#### Problem statement:
Transcribe the listing from its top line through the line with "TashaCajune online show". Keep it exact, both ends included, and add nothing.
*** Block opens ***
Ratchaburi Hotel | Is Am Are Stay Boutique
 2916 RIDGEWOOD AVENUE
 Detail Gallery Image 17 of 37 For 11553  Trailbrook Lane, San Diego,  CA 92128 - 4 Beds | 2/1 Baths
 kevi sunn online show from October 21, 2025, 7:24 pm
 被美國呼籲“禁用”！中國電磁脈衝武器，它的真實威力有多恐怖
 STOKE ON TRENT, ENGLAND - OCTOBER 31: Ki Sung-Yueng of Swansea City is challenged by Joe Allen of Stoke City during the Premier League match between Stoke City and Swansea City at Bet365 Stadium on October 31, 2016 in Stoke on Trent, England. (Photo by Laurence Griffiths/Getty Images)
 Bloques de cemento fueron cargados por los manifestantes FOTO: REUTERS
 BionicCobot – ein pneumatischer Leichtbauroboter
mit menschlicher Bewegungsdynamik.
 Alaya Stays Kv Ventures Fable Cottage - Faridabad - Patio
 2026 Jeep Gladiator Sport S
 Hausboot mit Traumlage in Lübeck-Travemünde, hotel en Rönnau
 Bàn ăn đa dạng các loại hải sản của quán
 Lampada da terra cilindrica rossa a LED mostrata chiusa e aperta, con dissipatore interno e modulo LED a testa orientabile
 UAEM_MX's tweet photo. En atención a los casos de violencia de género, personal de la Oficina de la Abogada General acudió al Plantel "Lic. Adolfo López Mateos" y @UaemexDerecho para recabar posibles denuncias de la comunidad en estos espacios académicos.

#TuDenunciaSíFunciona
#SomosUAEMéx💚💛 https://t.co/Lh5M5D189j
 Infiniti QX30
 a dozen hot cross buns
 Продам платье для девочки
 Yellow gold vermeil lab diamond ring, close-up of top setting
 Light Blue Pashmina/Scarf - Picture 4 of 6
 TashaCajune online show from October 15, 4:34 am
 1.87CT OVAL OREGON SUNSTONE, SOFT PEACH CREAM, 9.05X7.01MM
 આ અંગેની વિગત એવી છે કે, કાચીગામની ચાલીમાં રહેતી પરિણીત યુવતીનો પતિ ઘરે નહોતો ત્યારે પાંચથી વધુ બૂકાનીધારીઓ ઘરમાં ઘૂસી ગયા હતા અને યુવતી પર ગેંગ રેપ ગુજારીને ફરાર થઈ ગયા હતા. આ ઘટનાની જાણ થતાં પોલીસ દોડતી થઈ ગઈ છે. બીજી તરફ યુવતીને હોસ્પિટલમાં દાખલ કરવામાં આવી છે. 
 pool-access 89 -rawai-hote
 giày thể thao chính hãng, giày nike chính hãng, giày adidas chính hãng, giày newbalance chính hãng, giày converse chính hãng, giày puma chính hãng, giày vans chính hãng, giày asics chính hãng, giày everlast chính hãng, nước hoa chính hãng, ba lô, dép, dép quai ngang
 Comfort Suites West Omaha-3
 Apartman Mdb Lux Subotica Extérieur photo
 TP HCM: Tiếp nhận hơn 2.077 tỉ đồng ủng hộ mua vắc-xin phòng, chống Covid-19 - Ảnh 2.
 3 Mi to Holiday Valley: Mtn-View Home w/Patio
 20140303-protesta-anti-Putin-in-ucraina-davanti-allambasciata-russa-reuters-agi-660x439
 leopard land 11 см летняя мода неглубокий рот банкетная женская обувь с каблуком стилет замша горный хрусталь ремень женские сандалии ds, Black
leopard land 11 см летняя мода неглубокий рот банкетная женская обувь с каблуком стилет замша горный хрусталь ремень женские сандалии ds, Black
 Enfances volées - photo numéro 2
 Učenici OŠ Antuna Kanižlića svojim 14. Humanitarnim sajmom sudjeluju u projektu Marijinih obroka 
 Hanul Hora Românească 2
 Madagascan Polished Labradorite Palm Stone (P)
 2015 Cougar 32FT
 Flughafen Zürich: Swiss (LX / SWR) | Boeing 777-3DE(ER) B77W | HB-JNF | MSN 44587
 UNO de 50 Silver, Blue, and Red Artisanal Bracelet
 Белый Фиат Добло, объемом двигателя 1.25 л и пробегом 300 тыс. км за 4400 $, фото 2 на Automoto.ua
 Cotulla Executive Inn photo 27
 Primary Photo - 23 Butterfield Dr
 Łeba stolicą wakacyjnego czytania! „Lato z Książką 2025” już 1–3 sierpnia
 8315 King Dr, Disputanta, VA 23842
*** Block closes ***
#### Exercise output:
Ratchaburi Hotel | Is Am Are Stay Boutique
 2916 RIDGEWOOD AVENUE
 Detail Gallery Image 17 of 37 For 11553  Trailbrook Lane, San Diego,  CA 92128 - 4 Beds | 2/1 Baths
 kevi sunn online show from October 21, 2025, 7:24 pm
 被美國呼籲“禁用”！中國電磁脈衝武器，它的真實威力有多恐怖
 STOKE ON TRENT, ENGLAND - OCTOBER 31: Ki Sung-Yueng of Swansea City is challenged by Joe Allen of Stoke City during the Premier League match between Stoke City and Swansea City at Bet365 Stadium on October 31, 2016 in Stoke on Trent, England. (Photo by Laurence Griffiths/Getty Images)
 Bloques de cemento fueron cargados por los manifestantes FOTO: REUTERS
 BionicCobot – ein pneumatischer Leichtbauroboter
mit menschlicher Bewegungsdynamik.
 Alaya Stays Kv Ventures Fable Cottage - Faridabad - Patio
 2026 Jeep Gladiator Sport S
 Hausboot mit Traumlage in Lübeck-Travemünde, hotel en Rönnau
 Bàn ăn đa dạng các loại hải sản của quán
 Lampada da terra cilindrica rossa a LED mostrata chiusa e aperta, con dissipatore interno e modulo LED a testa orientabile
 UAEM_MX's tweet photo. En atención a los casos de violencia de género, personal de la Oficina de la Abogada General acudió al Plantel "Lic. Adolfo López Mateos" y @UaemexDerecho para recabar posibles denuncias de la comunidad en estos espacios académicos.

#TuDenunciaSíFunciona
#SomosUAEMéx💚💛 https://t.co/Lh5M5D189j
 Infiniti QX30
 a dozen hot cross buns
 Продам платье для девочки
 Yellow gold vermeil lab diamond ring, close-up of top setting
 Light Blue Pashmina/Scarf - Picture 4 of 6
 TashaCajune online show from October 15, 4:34 am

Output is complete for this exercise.